Ciao a tutti!
Welcome back to ItalianPod101.com’s Italiano in tre minuti, the fastest, easiest, and most
fun way to learn Italian.
In the last lesson, we learned the phrase scusi, parla inglese?
Excuse me, do you speak English?
We mentioned the word scusi, which means "excuse me" in formal Italian.
Today we’re going to learn how to use scusi and other words when apologizing in Italian.
Are you ready?
So, let’s start!
We should use scusi in formal situations, such as when we are ordering something in
bars or restaurants.
For example: Scusi, un caffè per favore.
(One more time, slowly: scusi, un caffè per favore).
We can also use it when asking a question: Scusi, dov’è il Colosseo?
(One more time, slowly: scusi, dov’è il Colosseo?).
Sometimes we also hear people say mi scusi, which actually has the same meaning.
We always use this phrase in formal speech.
The informal way to say "excuse me" is scusa.
(One more time, slowly: scusa.)
We can use scusa when asking a friend or a relative a question.
Scusa, che ore sono?
(One more time, slowly: scusa, che ore sono?)
Or when apologizing:
Scusa, sono in ritardo!
(One more time, slowly: scusa, sono in ritardo!)
Instead of scusa we can also say scusami, which has the same meaning.
The forms mi scusi and scusami are the correct forms for the imperative of the reflexive
verb scusarsi, meaning "to excuse oneself."
Italians say scusi and scusa just to make them shorter.
Besides scusi and scusa, if we want to apologize for something, we may use mi dispiace, Italian
for "I am sorry," in both formal and informal situations.

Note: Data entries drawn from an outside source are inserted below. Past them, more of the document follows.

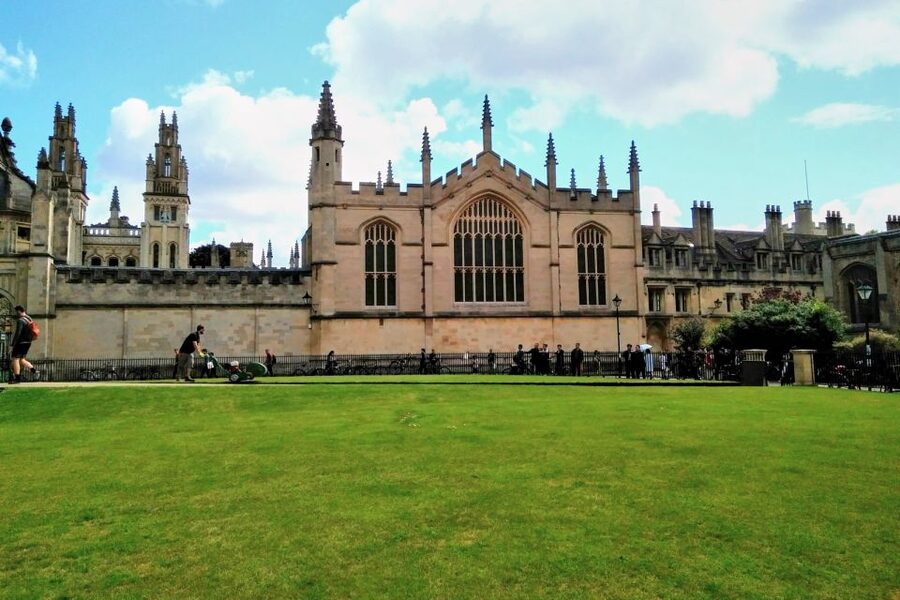 From London: Day Trip to Downton Abbey, Oxford and Bampton - Bampton: spotting the village behind the TV scenes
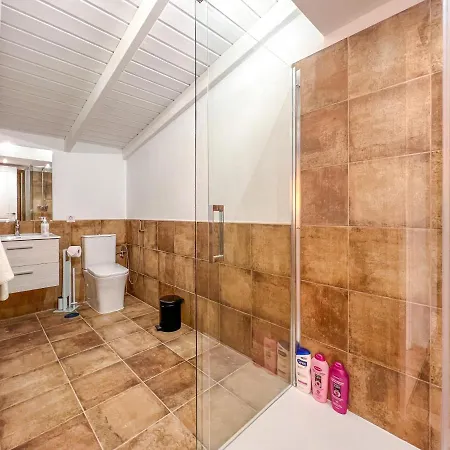 Exquisite Rural House With Garden, Pool And Sea Views *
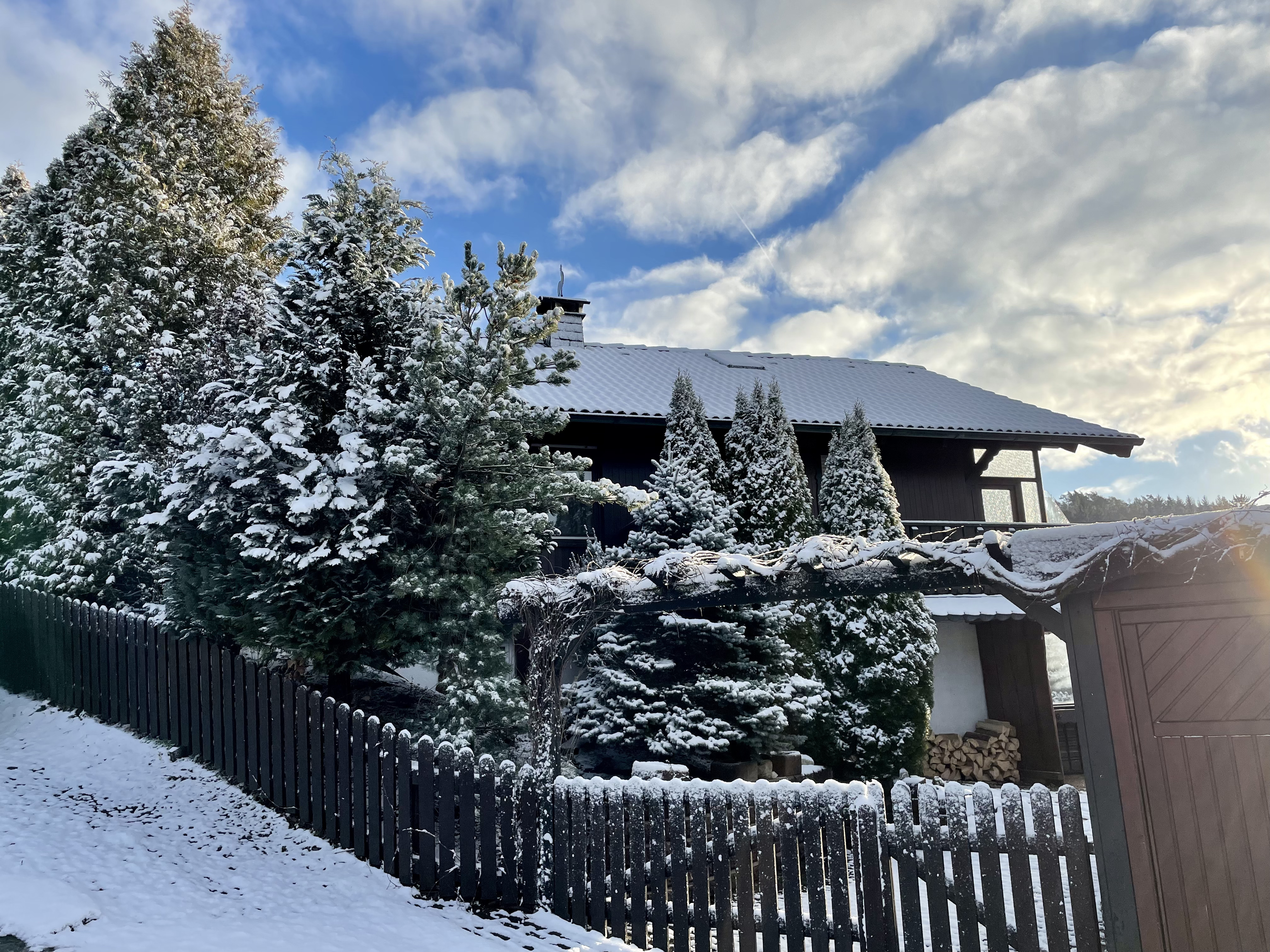 Winterliche Außenansicht des Hauses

Mi dispiace is the present indicative of the first singular person io, I, of the reflexive
verb dispiacersi, to be sorry.
Someone might tell us mi dispiace in a formal situation.
For example, the waiter of a restaurant could say:
Mi dispiace, ma i calamari sono finiti.
I’m sorry, but we are out of the squid.
(One more time, slowly: mi dispiace, ma i calamari sono finiti.)
Or in an informal situation, when you need to apologize to a friend, you could say:
Mi dispiace per ieri.
(One more time, slowly: mi dispiace per ieri.)
Now it’s time for Consuelo’s tips.
Please remember that in Italy if you accidentally bump into someone, we don’t say “I am
sorry,” mi dispiace; instead we say scusi, excuse me.
My last tip is this.
When you want to apologize in a deeper, more heartfelt way, you can add the adverb molto
or tanto next to mi dispiace, saying:
Mi dispiace molto or mi dispiace tanto,.
Hey guys, please tell me, are you are able to count in Italian?
What is the name of our lessons?
Italiano in tre minuti.
You already know a number: tre, three!!
In the next lesson we will learn the numbers in Italian from one to ten!